The teams waited out a wet-weather delay that bordered on ridiculous. The dedicated fans who chose to ride it out were forced to endure plunging temperatures and a steady drizzle that never stopped. At one point, the grounds crew removed the tarp and made some minor repairs to the infield before covering it again, drawing moans and boos from the freezing fans.

About the only bonus was that the Cleveland Cavaliers’ game at Philadelphia, which began at 7 p.m., was put on the giant scoreboard in left field. By the time the game resumed at 9:27 p.m., the Cavs were in the final minute of a 102-92 win over the 76ers.

Rafael Betancourt, who was warming up when the game was halted at 5:40 p.m, finally took the mound in the fifth with the Indians trailing by one. He got through it, but gave up a run in the sixth as Toronto went up 5-3.

Choo’s 438-foot homer to right-center made it 5-4, but the Blue Jays tacked on two more in the seventh on Rios’ two-run single.

The Indians have been worried about their starting pitching for months, and none of those concerns were diminished when the Rangers held extended batting practice for three days.
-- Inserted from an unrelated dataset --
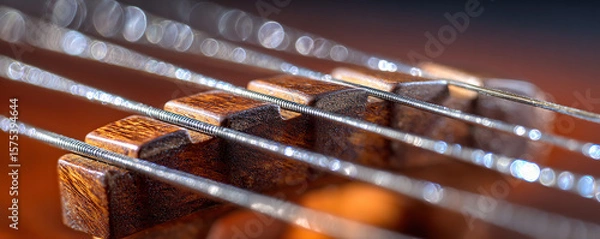 Obraz Strings shimmer under light on a wooden guitar bridge showcasing craftsmanship and precision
Cleveland’s top three starters _ Cliff Lee, Fausto Carmona and Carl Pavano _ staggered home with a collective 18.00 ERA and 0-3 record.

For three innings, Lewis handled the Blue Jays, holding them to one hit. But in the fourth, Toronto tied it with three runs and four hits, including Lind’s two-run homer.

Scutaro, a one-time Indians farmhand, gave the Blue Jays a 4-3 lead with his one-out homer in the fifth. Aaron Hill followed with a single and the second baseman had barely touched the bag at first when Indians manager Eric Wedge bolted from the dugout to rescue Lewis.

As Betancourt was making his warmup tosses, the umpires called for the delay not knowing it would last longer than most games.

With the Indians already up 2-0 in the third, Hafner, who underwent offseason shoulder surgery, hit a towering homer into the Blue Jays’ bullpen in right. It was a promising sign for Cleveland fans worried that “Pronk” had lost his pop.

Notes:@ Wedge wishes baseball would consider putting nets along the baselines in all ballparks for safety. “Someone is going to get killed with the broken bats and foul balls,” he said. “It’s an accident waiting to happen.” … The Indians will skip No. 5 starter Anthony Reyes on Saturday so Lee can face Blue Jays ace Roy Halladay in a matchup of Cy Young Award winners. “Too bad it didn’t happen for opening day,” Toronto manager Cito Gaston said. … As a kid, Wedge had posters of catching greats Johnny Bench, Carlton Fisk and Thurman Munson on his bedroom wall. “My brother had the one of Farrah Fawcett,” he said. … The delay was the longest in Toronto history.